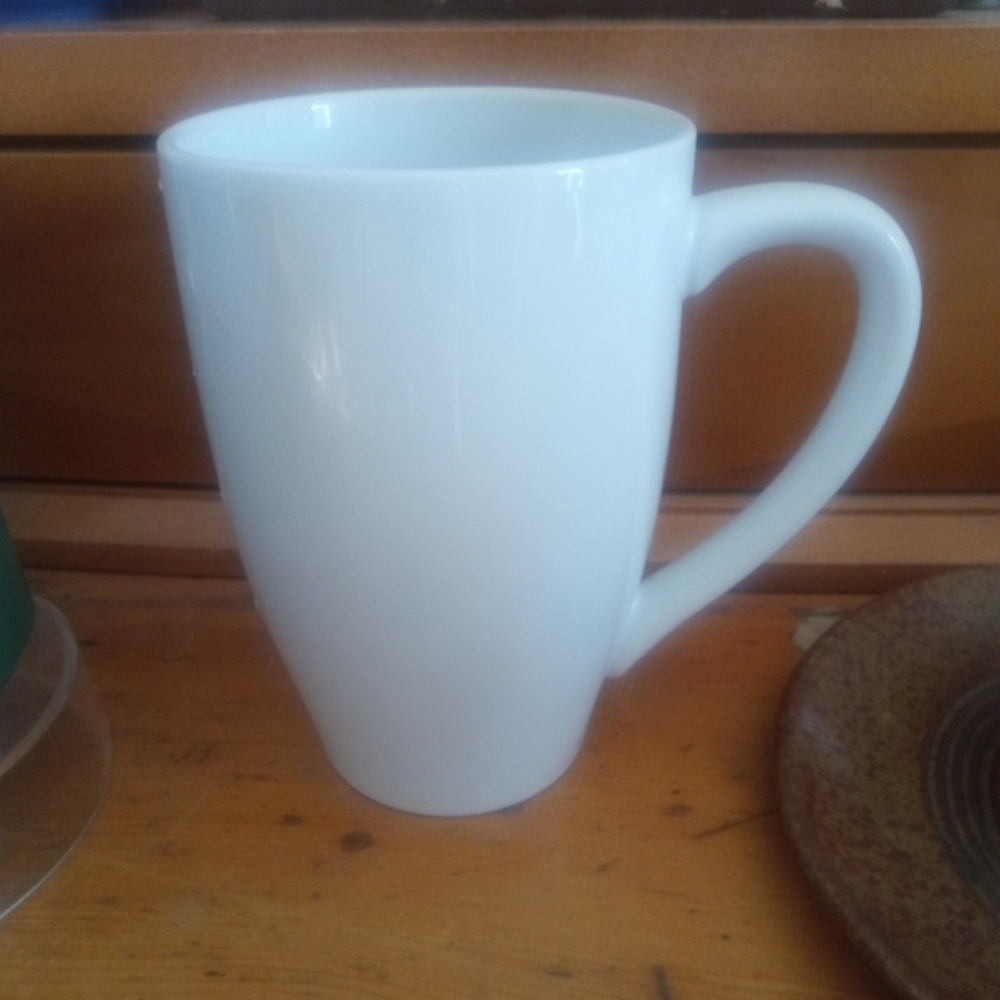 Pottery Barn Big White Coup Mug 20 Ounce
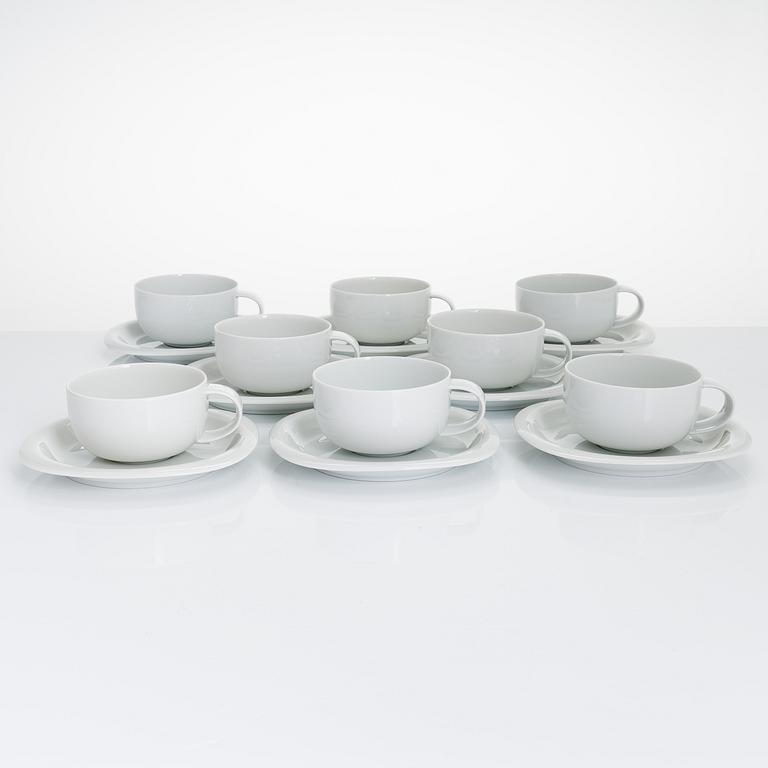 Timo Sarpaneva, A 74-piece 'Suomi' tableware set in porcelain, Rosenthal Studio-linie, 1980s. Design year 1976.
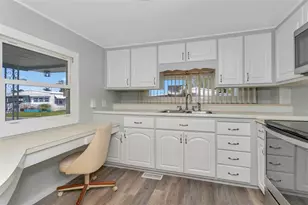 5105 8th St W, Bradenton, FL 34207 - Photo 21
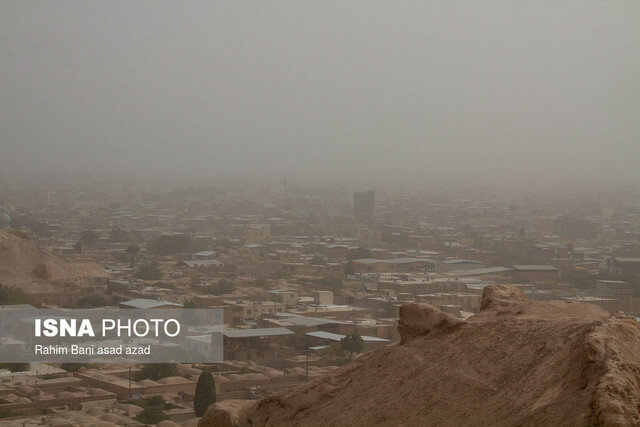 وزش بادهای شدید همراه با گردوخاک هرمزگان را فرا گرفت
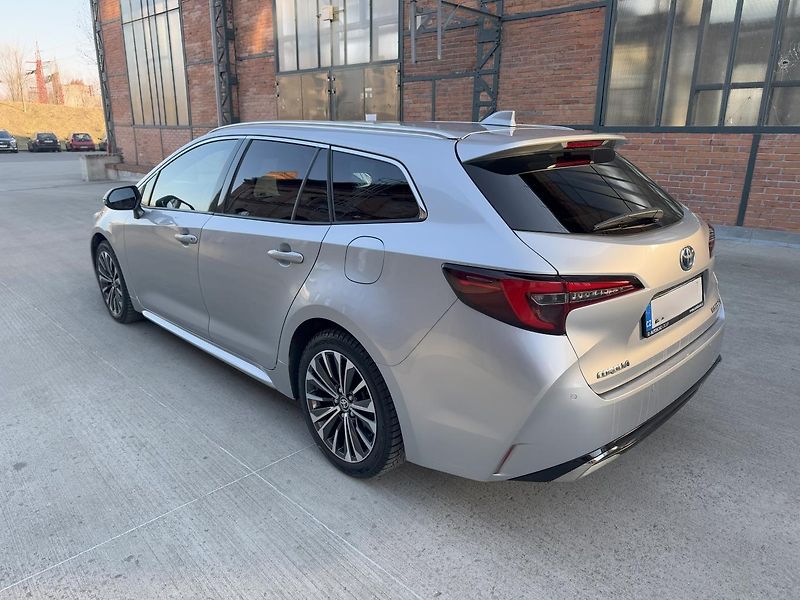 Toyota Corolla (2024) Touring Sport MC23 1,8  - fotka 4 z 22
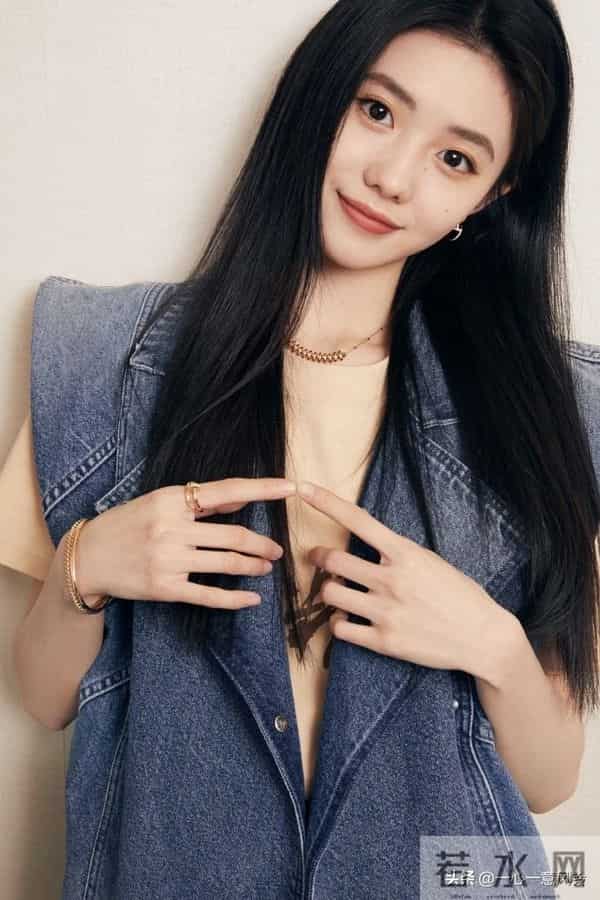 刘浩存街头骑行,甜酷少女感爆棚!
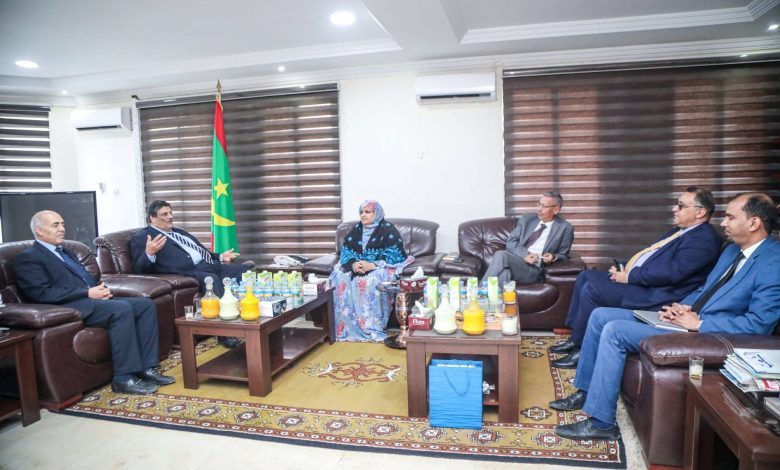 رئيسة جهة نواكشوط تستقبل سعادة سفير دولة فلسطين الشقيقة بنواكشوط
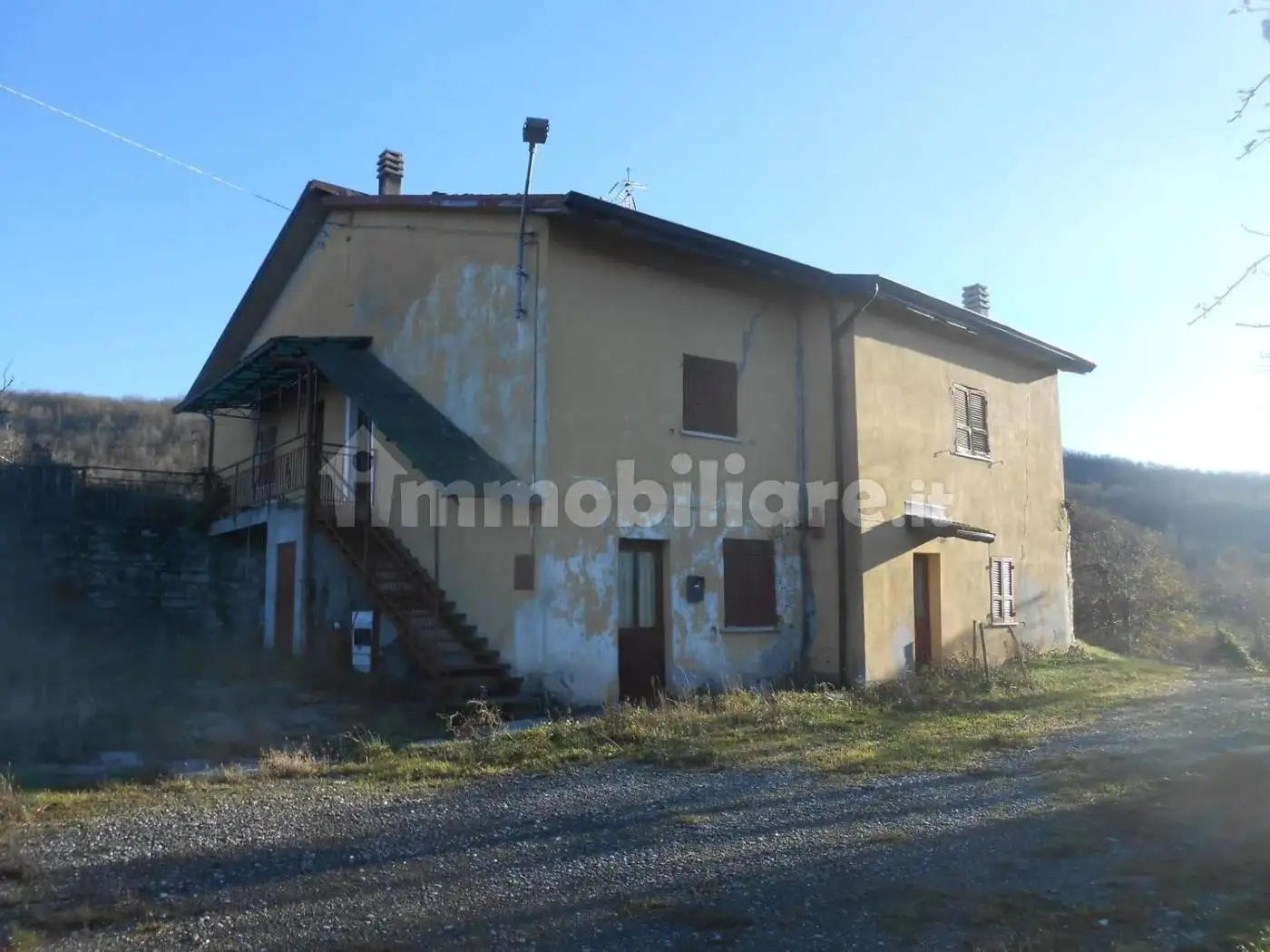 Rustico - Casale in vendita a Corte Brugnatella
────────
YOUR TASK |
The line containing "刘浩存街头骑行,甜酷少女感爆棚!" marks the end: copy exactly every line from the start of the records up to and including it, leaving out the pictures.

RESULT OF THIS TASK |
 Pottery Barn Big White Coup Mug 20 Ounce
 Timo Sarpaneva, A 74-piece 'Suomi' tableware set in porcelain, Rosenthal Studio-linie, 1980s. Design year 1976.
 5105 8th St W, Bradenton, FL 34207 - Photo 21
 وزش بادهای شدید همراه با گردوخاک هرمزگان را فرا گرفت
 Toyota Corolla (2024) Touring Sport MC23 1,8  - fotka 4 z 22
 刘浩存街头骑行,甜酷少女感爆棚!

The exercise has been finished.